China’s voracious appetite for luxury goods inspire Tiffany’s profit beat

Tiffany&Co, which has struggled with online competition and lost its lustre with younger shoppers, reported a quarterly profit on Wednesday that beat Wall Street’s expectations as shoppers in China snapped up its luxury goods.

The high-end jewellery company’s strength in its third quarter mostly came from the Asia-Pacific region, where sales surged 15 per cent to US$283 million. This was mainly due to strong demand in China. Sales were up 5 per cent in Europe to US$110 million.

But other places did not fare as well. In Japan, sales dropped 8 per cent to US$139 million. While Tiffany managed to squeeze out a 1 per cent sales increase in the Americas, that was considered a disappointment. The company said that a downturn in spending by foreign tourists was part of the reason for the soft sales.

Sales at stores open at least a year, a key gauge of a retailer’s health, dipped 1 per cent.

A shopper carries a Tiffany&Co bag outside its store on Rodeo Drive in Beverly Hills, California.
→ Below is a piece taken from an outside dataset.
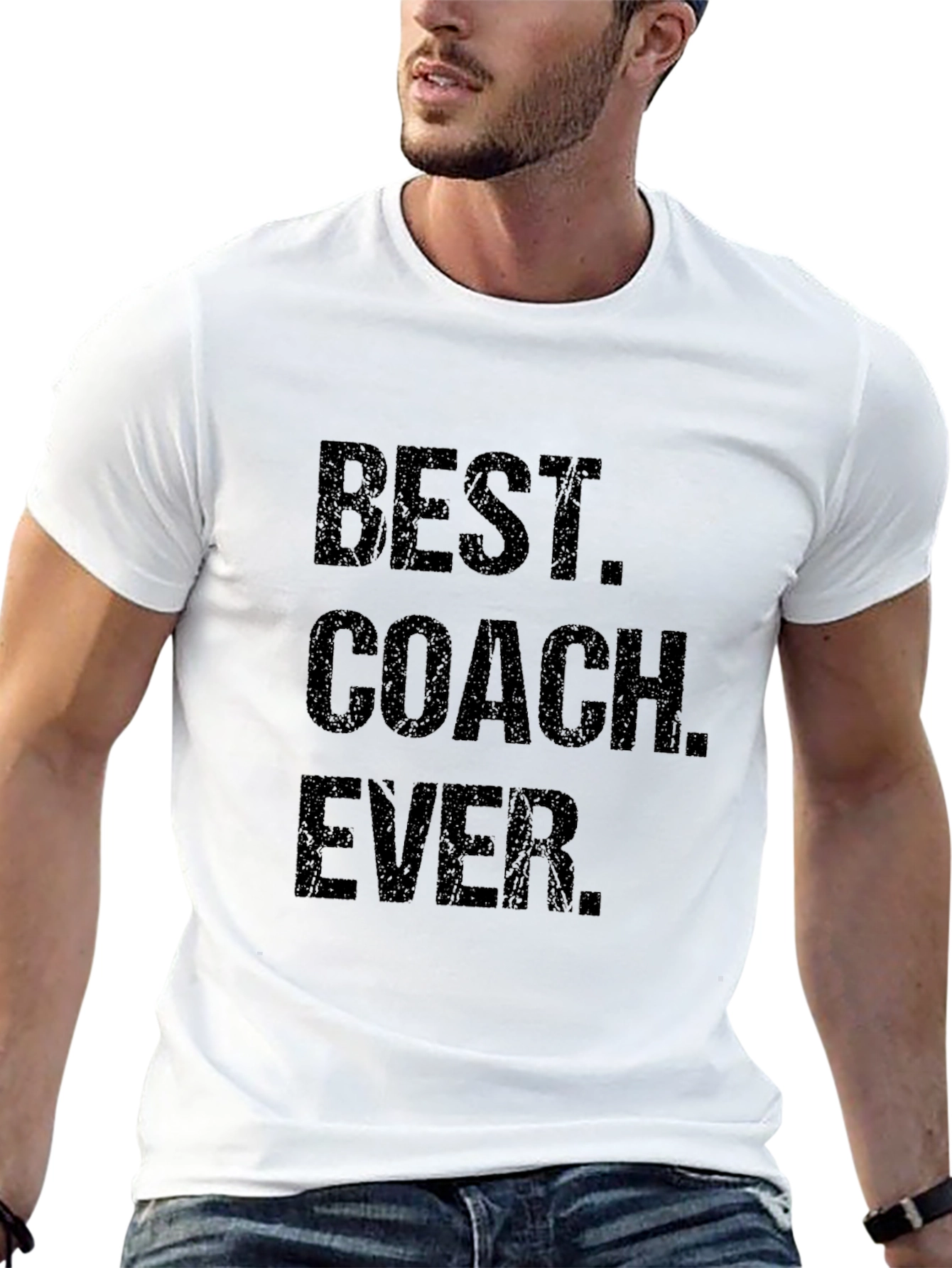 Best Coach Ever - Black Cotton T-Shirt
Photo: Bloomberg

Under new Chief Executive Alessandro Bogliolo, Tiffany has been trying to lure millennials who are shopping elsewhere online. The company said e-commerce sales increased at a slightly faster pace than overall sales growth.
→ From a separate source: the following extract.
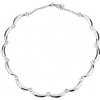 SAGA GIOIELLI® Collana Donna Semirigida con Punti Luce in Acciaio Inox, Collana Elegante Regolabile Diametro 12-15 cm, Confezione Regalo Inclusa, Idea Regalo Donna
The New York-based company has stepped up its marketing, using celebrities like Janelle Monae and Zoe Kravitz in advertising. It’s also focusing more on design, and adding more lower-price pieces such as US$95 bone china cups that look like paper cups.

Tiffany’s flagship Manhattan store on Fifth Avenue, playing off Audrey Hepburn’s classic 1961 film “Breakfast at Tiffany’s ,” also recently opened a restaurant that features chairs and tables in the company’s signature blue. Tiffany cited long lines for the cafe every day, and the upcoming block of reservations are full.

Signage is displayed on a window of the Tiffany&Co store in Beverly Hills, California. Photo: Bloomberg

But the company still has a way to go.

“For as much as Tiffany has made strides, it has not yet regained that full youthful vigour that so many of its peers exhibit,” said Neil Saunders, managing director at GlobalData Retail. He also took a swipe at the holiday lights at Tiffany’s Manhattan store, saying in a note that they look like lights that “Las Vegas discarded in the 1970s.”

“The gaudy, old-fashioned lights on its New York store underscore that there is much more thinking, and much more work, to do in the reinvention of this heritage brand,” Saunders said.

Tiffany’s profit for the quarter rose 5.3 per cent to US$100.2 million, or 80 cents per share, as revenue climbed 2.8 per cent to US$976.2 million. That was better than what analysts surveyed by Zacks Investment Research expected. They were looking for earnings of 76 cents per share on revenue of US$960 million.